Moseley Road’s pool has an excellent layout for women-only swimming due to the fact that it is not open to public gaze once the pool doors are closed. The high windows offer privacy whilst the poolside dressing cubicles are ideal for the self-conscious, in contrast to new-build pools with open plan changing areas.

It can be argued that if large numbers of women cannot, or choose not, to swim in the presence of men then the closure of suitable facilities such as Moseley Road Baths will effectively exclude them from swimming. It is crucial that public services meet the needs of the community, especially when these needs have been clearly stated by the heavy demand for women-only provision.

Far from removing the women-only sessions at Moseley Road Baths, additional slots would be welcomed both by individual women and women’s groups.

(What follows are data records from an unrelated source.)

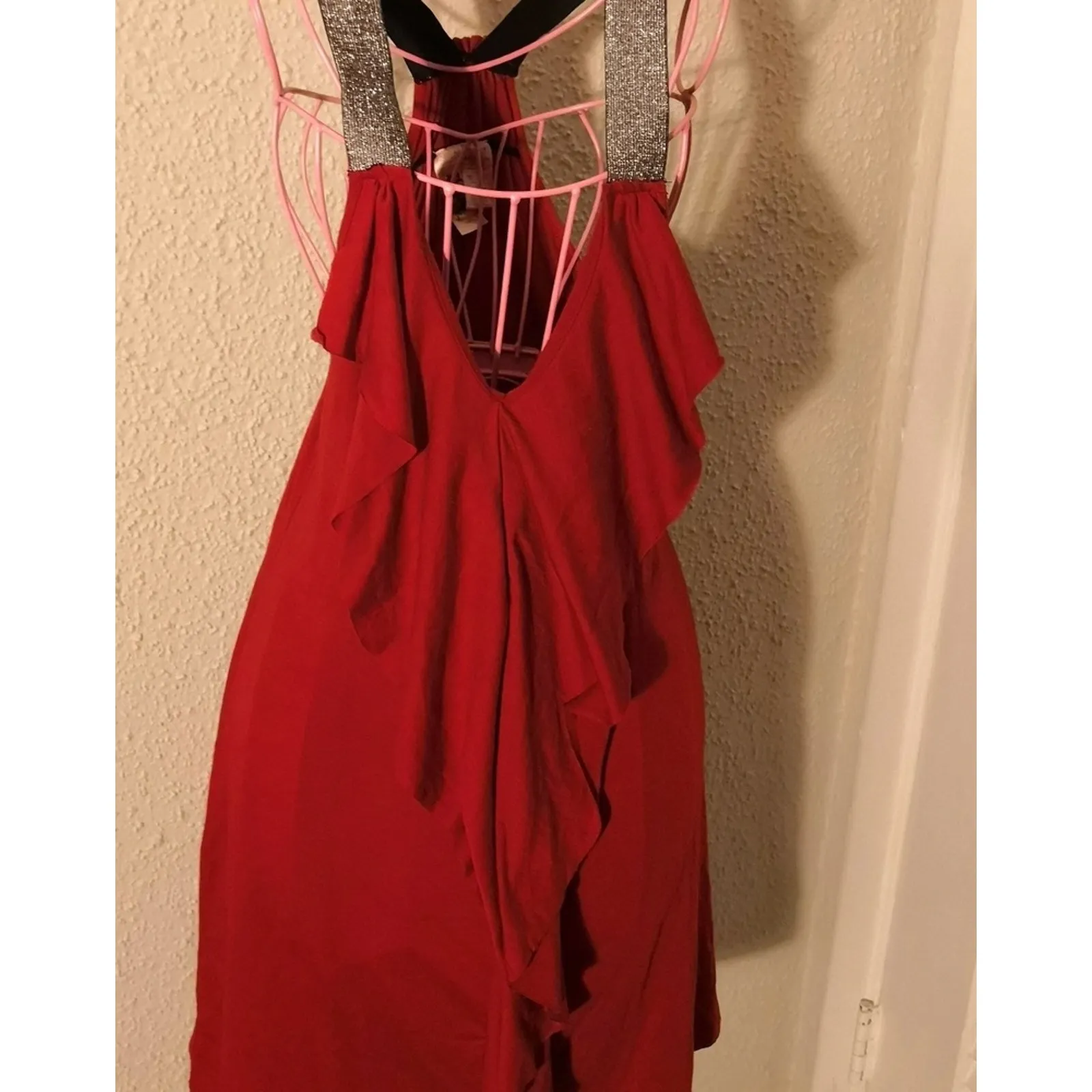 Esther Red/Silver Sleeveless Ruffled Racerback Mini Dress L Boho Coquette Girl Red Size L - Image 3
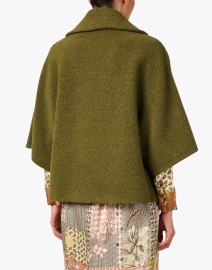 Back image thumbnail - Cinzia Rocca Icons - Green Wool Blend Coat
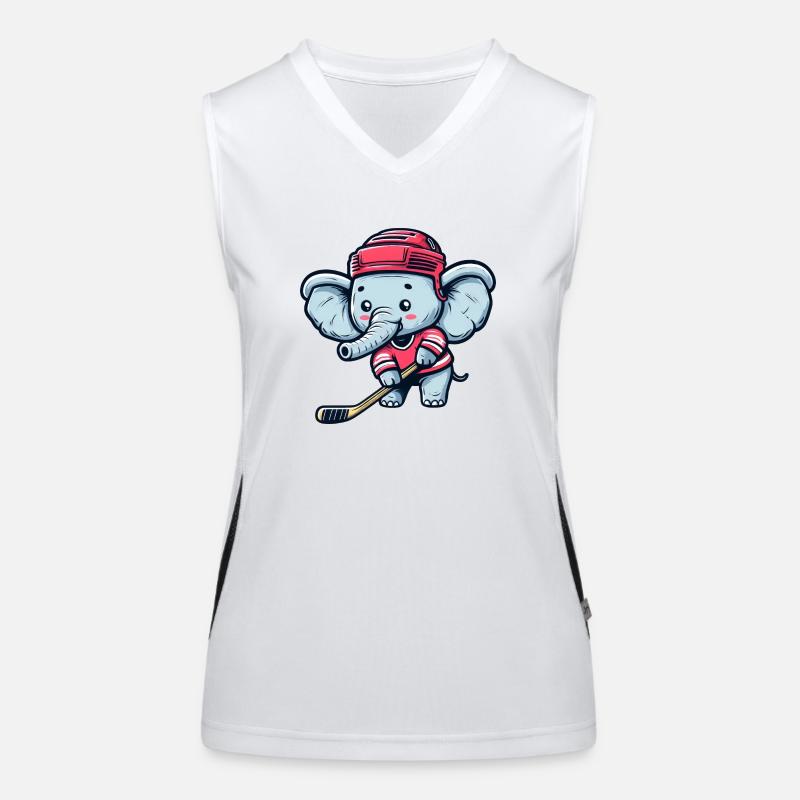 Bär Silhouette eines Eisbärkopfes Funktionelles Kontrast-Tank Top für Frauen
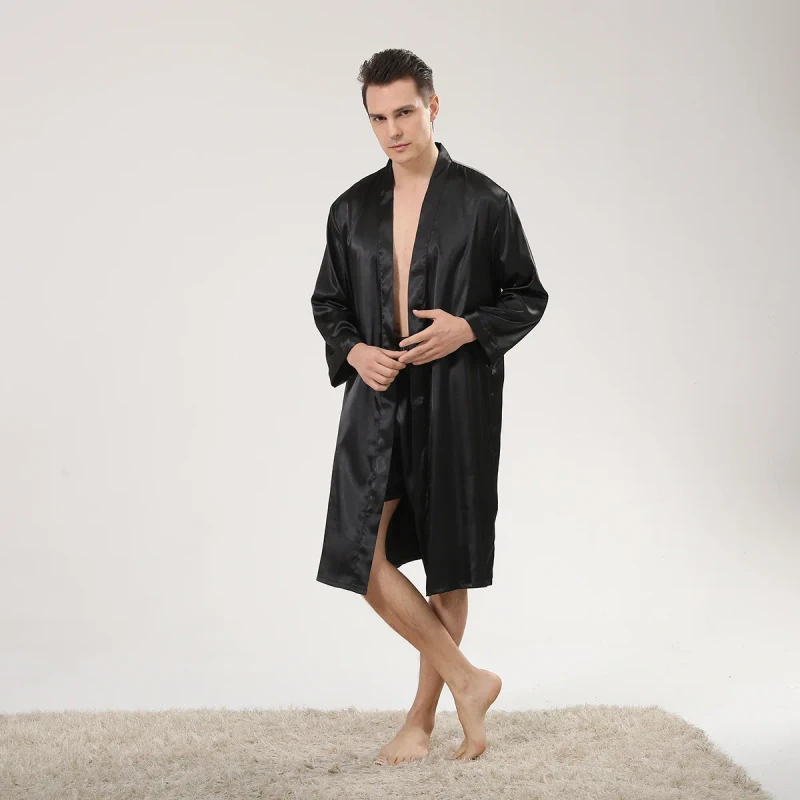 Men's Plus Size Two Piece Set Breathable Polyester Robe Shorts Long Sleeve Summer Bathrobe Solid Pattern European American Style
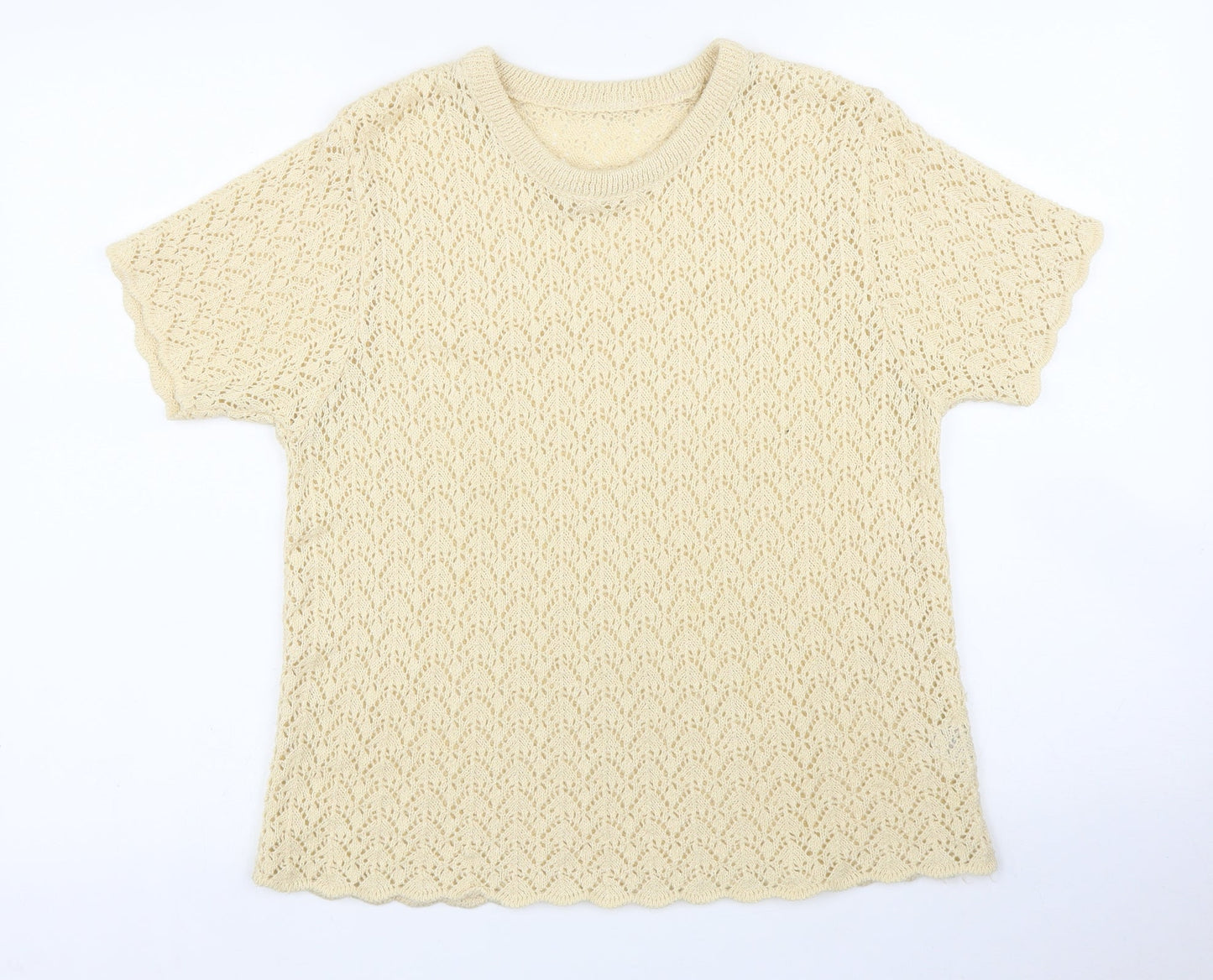 Preworn Womens Beige Floral  Basic T-Shirt Size L
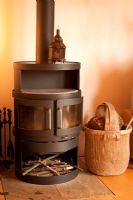 Wood burning stove and basket with logs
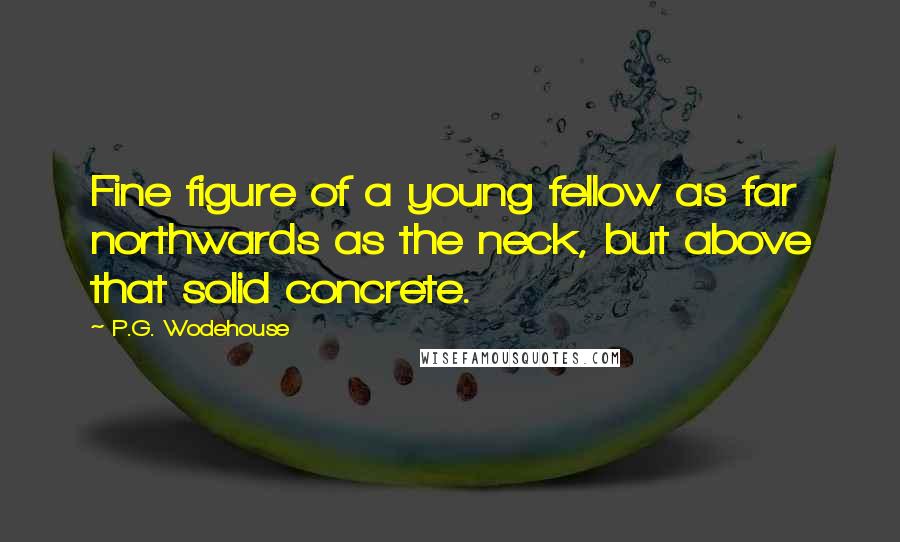 P.G. Wodehouse Quotes: Fine figure of a young fellow as far northwards as the neck, but above that solid concrete.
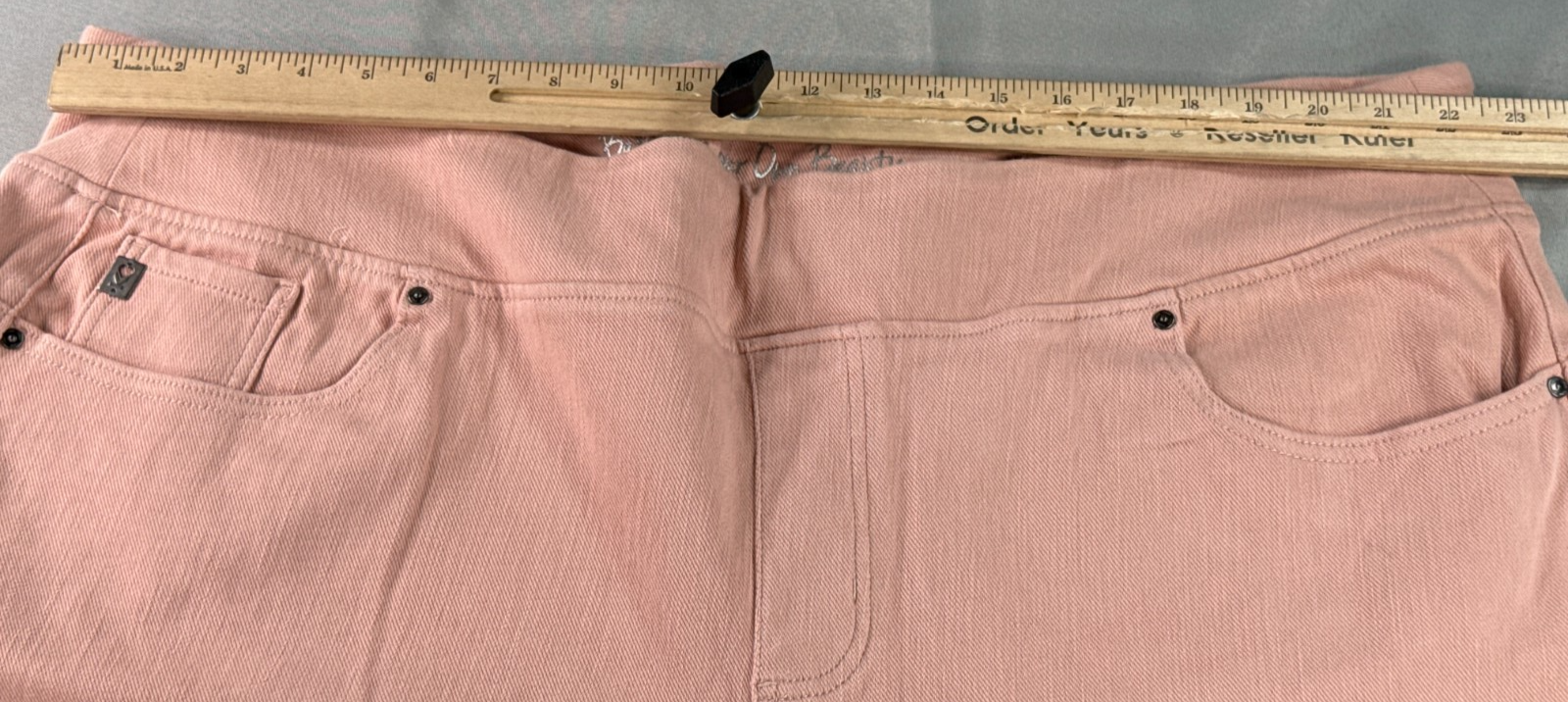 Belle By Kim Gravel Pink Crop Jeans Womens 2X Pull On Stretch Denim Capris Pants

Many such organisations have identified healthy living as a priority, finding that swimming not only promotes exercise but is also an effective and enjoyable way for women to socialise, gain confidence and form networks that help in other areas of their lives. Women who take regular exercise are also more likely to encourage family members to follow suit.

Investing time and money in provision for women-only sessions has reaped substantial rewards. Crucially, it has proven to be a huge investment in the health and welfare of a substantial proportion of the community around Moseley Road Baths.

Given the income levels and lack of access to individual transport that exists amongst many of the community of women-only swimmers who currently use Moseley Road Baths, should the threatened closure of the building proceed it is highly unlikely that such women will readily transfer to Sparkhill Pool or find space at Small Heath Pool, where the timetable for women-only sessions is already full.

Maria’s experience

We received this e-mail from Maria explaining why swimming at Moseley Road Baths is so valuable for her:

I can speak for myself and many women who attend the women and children sessions, the pool gives local people a fantastic opportunity to keep fit. This is either free for children and a low fee for adults, which can benefit low income families as paying for it may be a barrier that could prevent them gaining a life skill. Many women i know go and are able to keep fit in a male free environment, which for many women for religious reasons is a huge factor in whether they attend or not. Without it they would probably find it really difficult to access a cheap alternative in a pleasant environment.

Also in school holidays the pool is well utillised by local children who under current proposals are very unlikely to go to the pool at Stratford Road. This in turn could lead to children potentially getting into mischief due to lack of activities in the area.
I think it would be a really bad idea to close the pool and ultimately would have an affect on the local community.

Swimming is a pleasure but also a valuable life skill and could save your life or others.